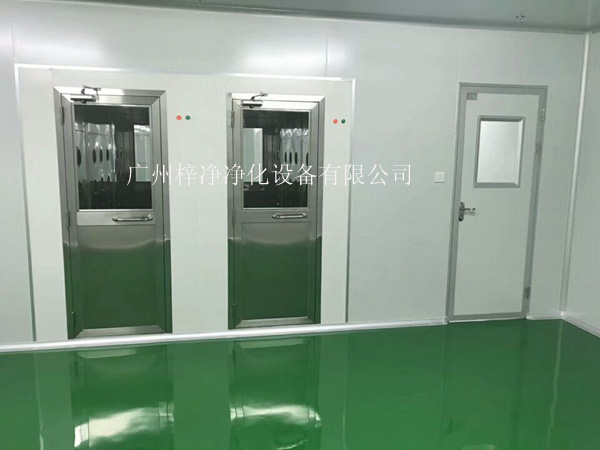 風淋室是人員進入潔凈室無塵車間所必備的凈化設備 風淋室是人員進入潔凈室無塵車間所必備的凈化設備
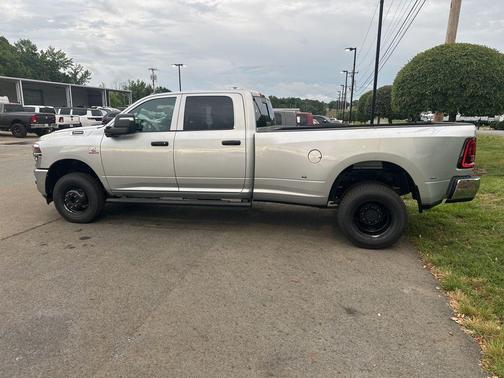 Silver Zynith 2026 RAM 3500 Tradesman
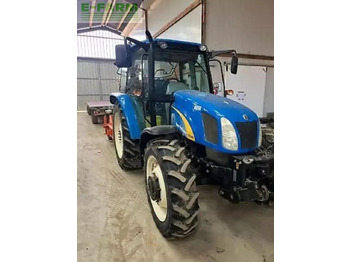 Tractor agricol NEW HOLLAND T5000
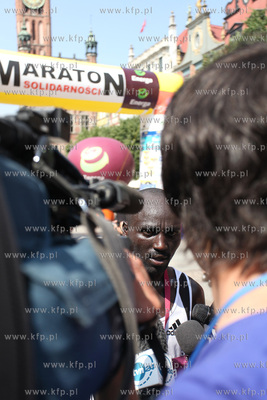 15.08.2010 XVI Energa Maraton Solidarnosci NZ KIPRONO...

...

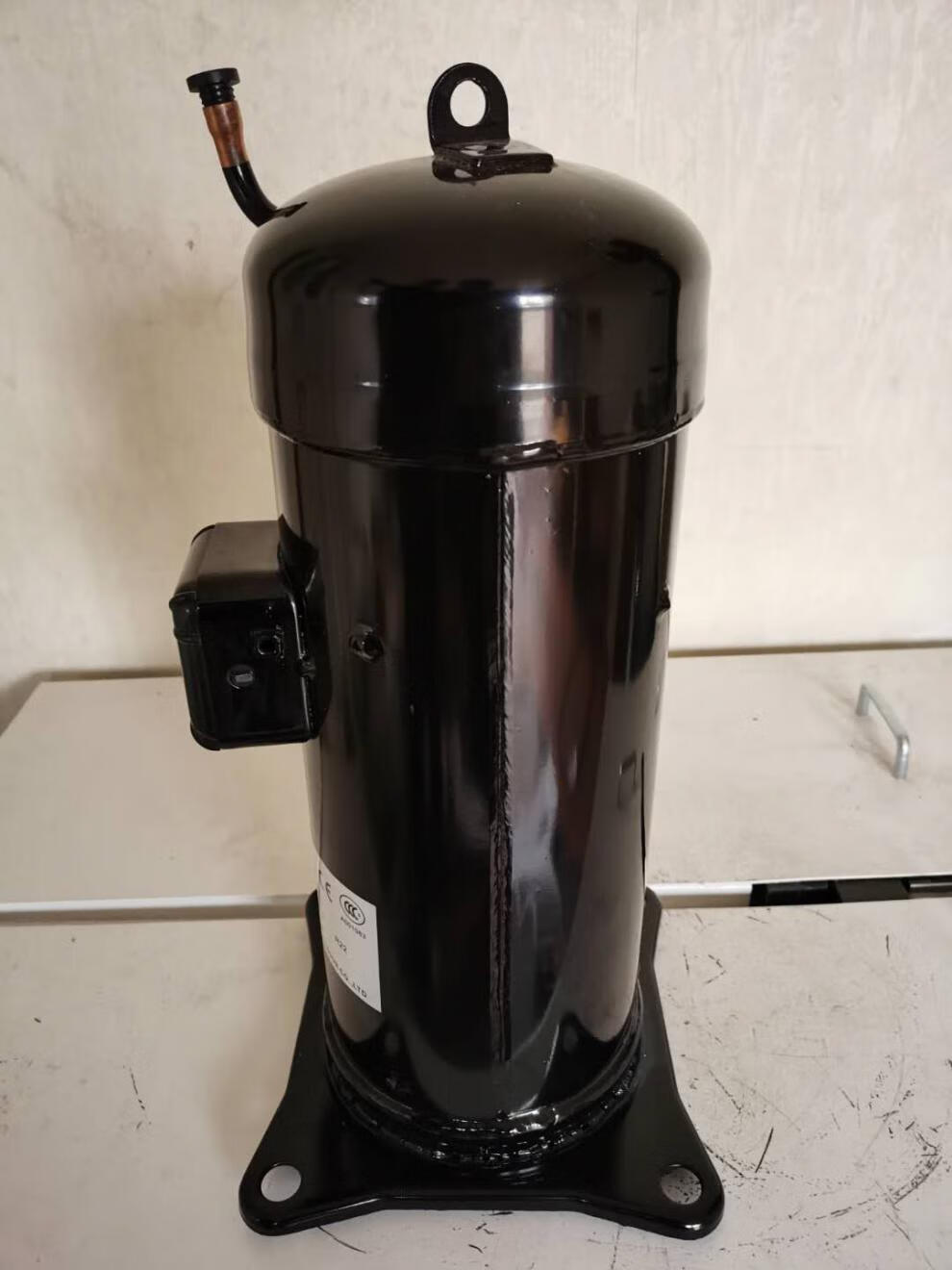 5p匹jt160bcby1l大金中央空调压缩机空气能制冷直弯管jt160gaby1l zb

...

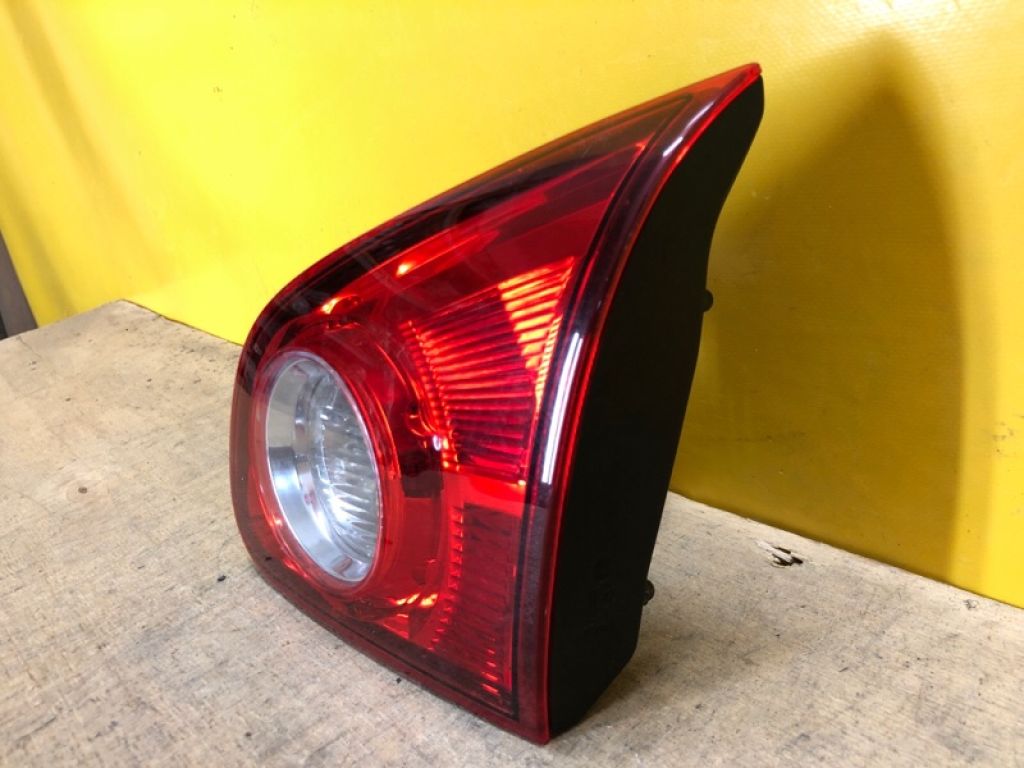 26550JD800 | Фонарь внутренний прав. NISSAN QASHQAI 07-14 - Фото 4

Task description: Among the entries above, locate the line with "風淋室是人員進入潔凈室無塵車間所必備的凈化設備 風淋室是" and the line with "15.08.2010 XVI Energa". Give those two lines and all lines between them again, exactly, leaving out the pictures.

Problem solution:
 風淋室是人員進入潔凈室無塵車間所必備的凈化設備 風淋室是人員進入潔凈室無塵車間所必備的凈化設備
 Silver Zynith 2026 RAM 3500 Tradesman
 Tractor agricol NEW HOLLAND T5000
 15.08.2010 XVI Energa Maraton Solidarnosci NZ KIPRONO...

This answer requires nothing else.